INSTRUCTIONS FOR THE TASK: Copy out exactly, from the entries that follow, the line holding "Actual product image", the line holding "Font Blue Lagoon", and all lines between them, but no pictures.

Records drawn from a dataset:
*** Block opens ***
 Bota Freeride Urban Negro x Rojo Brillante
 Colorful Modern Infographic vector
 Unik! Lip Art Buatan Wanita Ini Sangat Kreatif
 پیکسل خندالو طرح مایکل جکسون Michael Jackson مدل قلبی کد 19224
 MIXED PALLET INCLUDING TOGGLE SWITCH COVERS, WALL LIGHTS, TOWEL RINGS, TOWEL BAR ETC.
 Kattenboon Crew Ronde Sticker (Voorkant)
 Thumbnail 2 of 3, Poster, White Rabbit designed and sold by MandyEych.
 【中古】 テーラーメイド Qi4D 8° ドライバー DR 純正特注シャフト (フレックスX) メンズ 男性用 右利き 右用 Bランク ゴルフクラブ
*** Block closes ***
*** Block opens ***
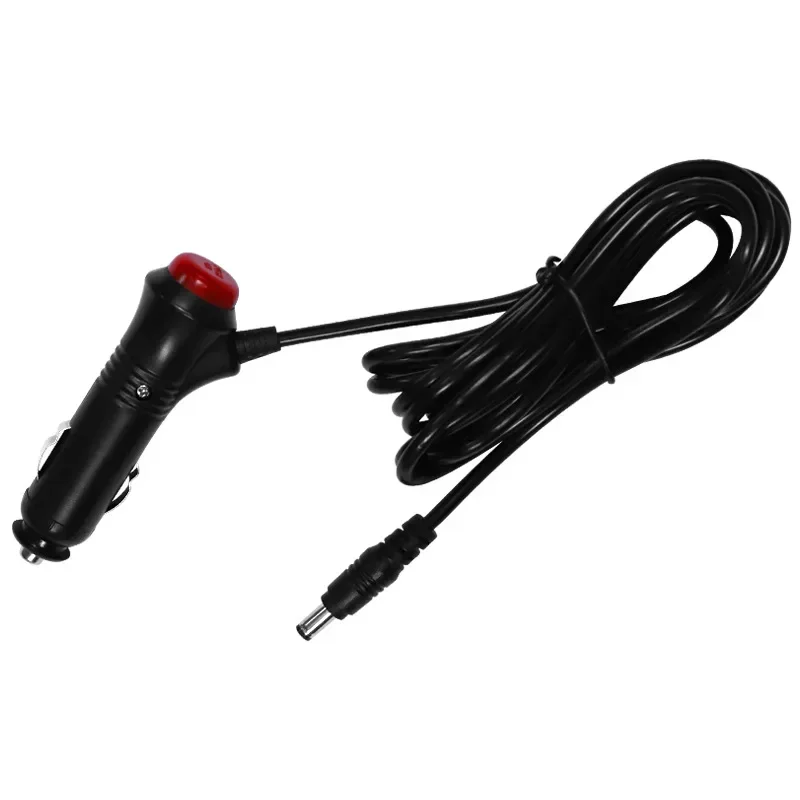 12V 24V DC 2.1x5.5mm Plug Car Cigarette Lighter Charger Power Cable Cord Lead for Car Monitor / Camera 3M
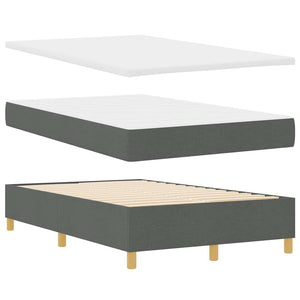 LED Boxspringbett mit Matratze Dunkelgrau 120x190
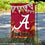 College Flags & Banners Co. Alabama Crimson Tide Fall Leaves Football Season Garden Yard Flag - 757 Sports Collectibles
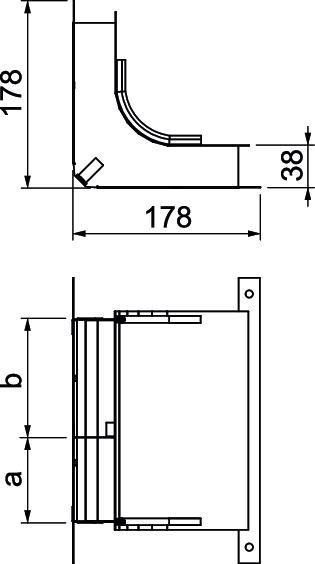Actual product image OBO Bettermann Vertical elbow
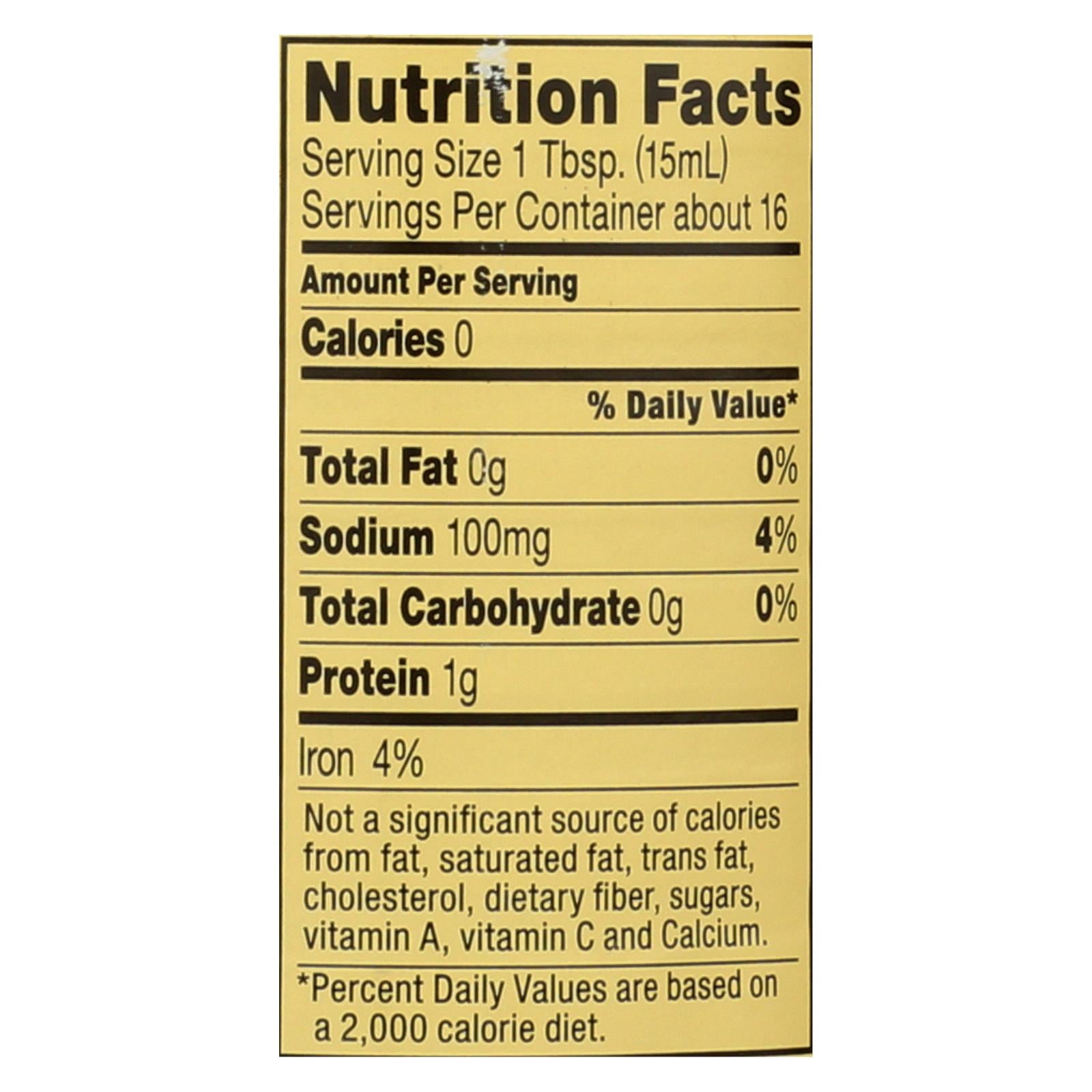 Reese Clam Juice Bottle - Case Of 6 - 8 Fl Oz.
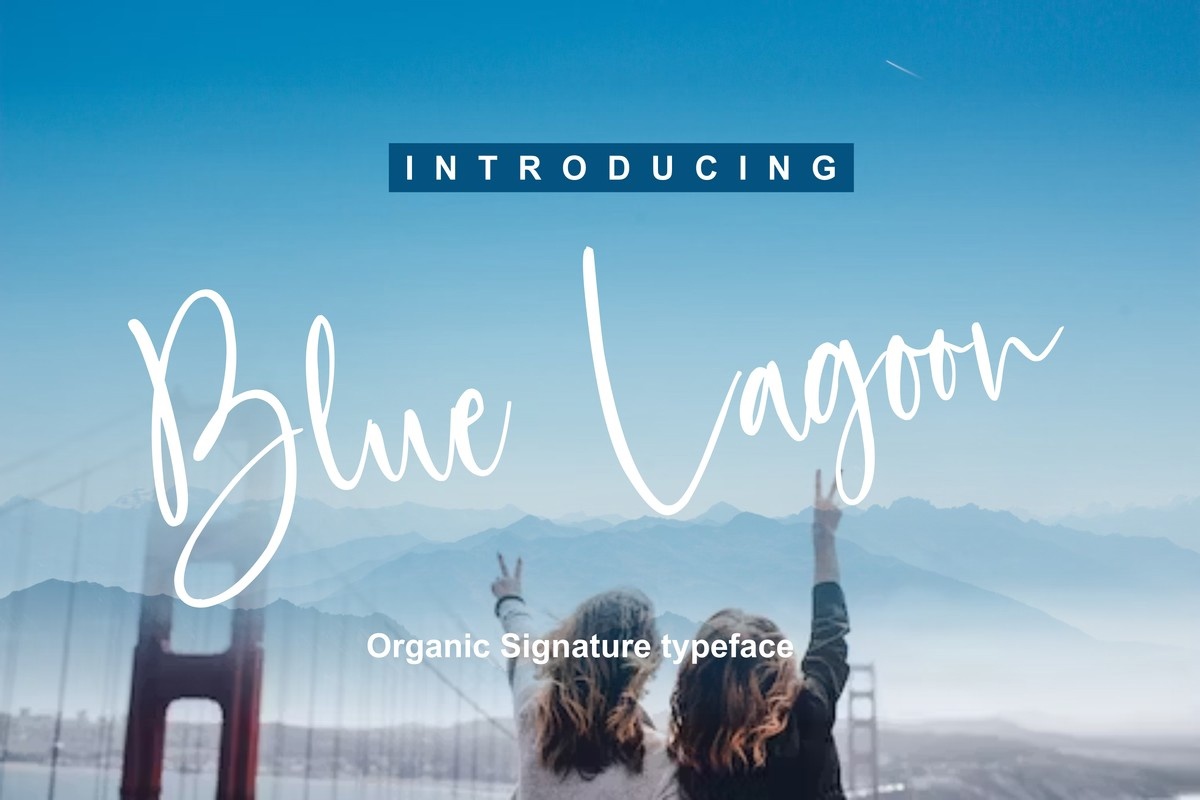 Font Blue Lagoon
*** Block closes ***
TASK ANSWER:
Actual product image OBO Bettermann Vertical elbow
 Reese Clam Juice Bottle - Case Of 6 - 8 Fl Oz.
 Font Blue Lagoon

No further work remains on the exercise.